- **Recorded information**:
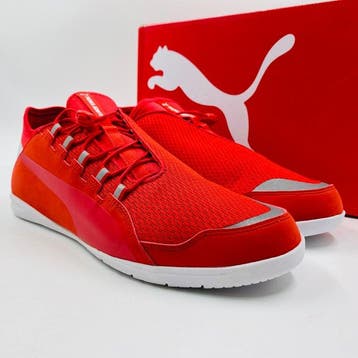 Puma x Ferrari - Sneakers - Maat: EU 45 - Nieuw met tags, Nieuw
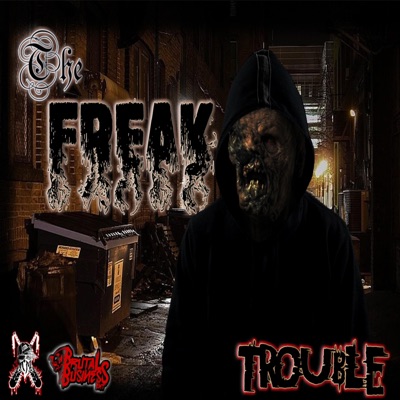 The Freak - Single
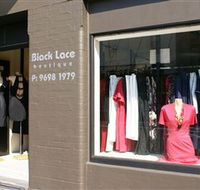 Black Lace - Attractions Brisbane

- **Goal of the exercise**:
Where pictures appear, skip them and transcribe all other material word for word.

- **Result of this exercise**:
 Puma x Ferrari - Sneakers - Maat: EU 45 - Nieuw met tags, Nieuw
 The Freak - Single
 Black Lace - Attractions Brisbane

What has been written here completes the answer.